Variable importance over labels 
(10 most important variables conditionally to each label) :
       Class -1 Class 1
atr        0.17    0.14
oscK       0.16    0.11
tr         0.03    0.16
cci        0.14    0.13
slowD      0.12    0.09
ADX        0.10    0.10
chv        0.08    0.10
signal     0.09    0.07
cmo        0.07    0.03
ar         0.06    0.06

Fig. 7. The importance of variables based on the information gain

As we can see, the global importance of variables has almost leveled off, but the importance of variables by classes is ranked differently. The tr variable takes the third place.

Partial dependence over predictor

The partial dependence of the most important variables will be considered.

> plot(imp.ruf.opt, Xtest = x.tst)

Fig. 8. Partial dependence of cci variable

Fig. 8. Partial dependence of cci variable

The figure above shows the partial dependency over the cci predictor. The separation of predictor data between classes is relatively good, despite the coverage.

> pd.signal <- partialDependenceOverResponses(x.tst,
+                                            imp.ruf.opt,
+                                            whichFeature = "signal",
+                                            whichOrder = "all"
+ )

Fig. 9. Partial dependence of the signal variable

There is quite a different picture of a partial dependence for the signal predicator in the figure above. Almost complete data coverage for both classes is observed.

> pd.tr <- partialDependenceOverResponses(x.tst,
                                          imp.ruf.opt, 
                                          whichFeature = "tr", 
                                          whichOrder = "all"
                                          )

A partial dependency of the tr predicator shows reasonable separation by classes, still there is a considerable coverage here.

Fig. 10. Partial dependence of tr variable

> pd.chv <- partialDependenceOverResponses(x.tst,      
                                           imp.ruf.opt, 
                                           whichFeature = "chv", 
                                           whichOrder = "all")

A partial dependence of the chv predicator is absolutely deplorable. A complete data coverage by classes is observed.

Fig. 11. Partial dependence of the chv variable

This way we can visually determine, how the predictor data is linked to the classes, and how separable they are.

The importance of variable over classes

"The importance of variable" over classes provides a local perspective: the class is fixed, which means that first is the decision to fix the class considering the variables which are important and act as constants, and, eventually, the important variables for each class are considered. Hence, every variable has importance, as if there were no other classes.

Here we are not interested in variables that led to choosing a class, but variables which will be important in the class, when the latter will be selected. The order of variables gives their free ranking regarding their rank in each class without consideration of class importance.

What does the chart show? The tr predictor is considerably more important for the "1" class than for the "-1" class. And vice versa, the predictor oscK for the class "-1" is more important than for the "1" class. Predictors have different importance in different classes.

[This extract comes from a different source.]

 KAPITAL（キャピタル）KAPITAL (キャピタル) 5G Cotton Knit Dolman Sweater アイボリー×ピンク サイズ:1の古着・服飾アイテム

Fig. 12. Importance of variables by classes

The importance of variables based on interaction

The chart below shows, how each variable is presented in the joint interaction with any other variable. One important remark: the first variable is not necessarily the most important, instead, it is the one that has the greatest mutual impact with others.

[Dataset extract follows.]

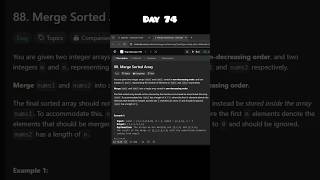 LeetCode 88  Merge Sorted Array javaprogramming 100daysofcoding [upl. by Ganny492]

Fig. 13. The importance of variables based on interactions

Variables interactions over observations

Fig. 14. The importance of variables over observations

The figure above shows the interaction of the first and second order for all predictors in accordance with the definition, that we gave for interaction. Its area equals unity. The first order indicates that variables (sorted by descending influence) are most important, if the decision has to be made taking into account only one variable. The second order indicates, that if the unknown variable is already selected in the first order, then the second most important variable will be one of those in the second order.

For clarification, the interaction provides a table of ordered features. The first order gives ordered opportunities of most important variables. The second order gives ordered opportunities of second most important variables. The intersection of a pair of variables gives their relative mutual influence out of all possible mutual influences. Please note that these measurements depend on both model and data. Therefore, the confidence in measurements directly depends on the confidence in predictions. We can also add, that a meta-variable called "other signs" occurs, which means that we allow the algorithm to show the default view for the visualization of the less relevant grouped variables.

Partial importance

You can look at the partial importance based on x.tst observations over the class "-1".

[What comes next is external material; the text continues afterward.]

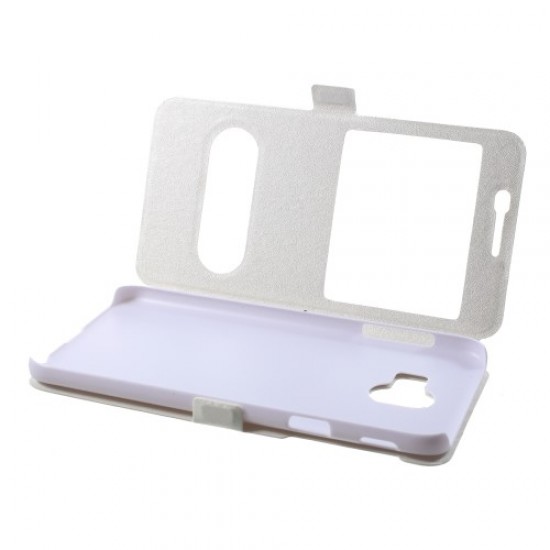 Δερμάτινη Θήκη Βιβλίο Smart Cover (Όψη Μεταξιού) για Samsung Galaxy J4 (2018) - Λευκό Samsung Θήκες Κινητών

> par.imp.ruf <- partialImportance(X = x.tst, 
+                                  imp.ruf.opt, 
+                                  whichClass = "-1")
Relative influence: 67.41%
Based on x.tst  and class «-1»

Fig. 15. Partial importance of variables based on observations over the class "-1"

As we see, the most important predictors of the class "-1" are five predictors shown on the figure above.

Now the same for the class "+1"

> par.imp.ruf <- partialImportance(X = x.tst, 
+                                  imp.ruf.opt, 
+                                  whichClass = "1")
Relative influence: 64.45%

Fig. 16. Partial importance of variables based on observations over the class "+1"

We see, that the predictors are different both in structure and rankings.

Let's see the partial dependency between predictors cci and atr, that are the most important in the first and the second order of predictor interaction.

> par.dep.1 <- partialDependenceBetweenPredictors(Xtest = x.tst,
+                             imp.ruf.opt,
+                             features = Cs(atr, cci),
+                             whichOrder = "all",
+                             perspective = T)

Level of interactions between atr and cci at first order: 0.1748
(99.97% of the feature(s) with maximum level)
Level of interactions between atr and cci at second order: 0.1526
(87.28% of the feature(s) with maximum level)

Class distribution : for a variable of the pair, displays the estimated 
probability that the considered variable has the same class than the other. 
If same class tends to be TRUE then the variable has possibly an influence 
on the other (for the considered category or values)when predicting a label.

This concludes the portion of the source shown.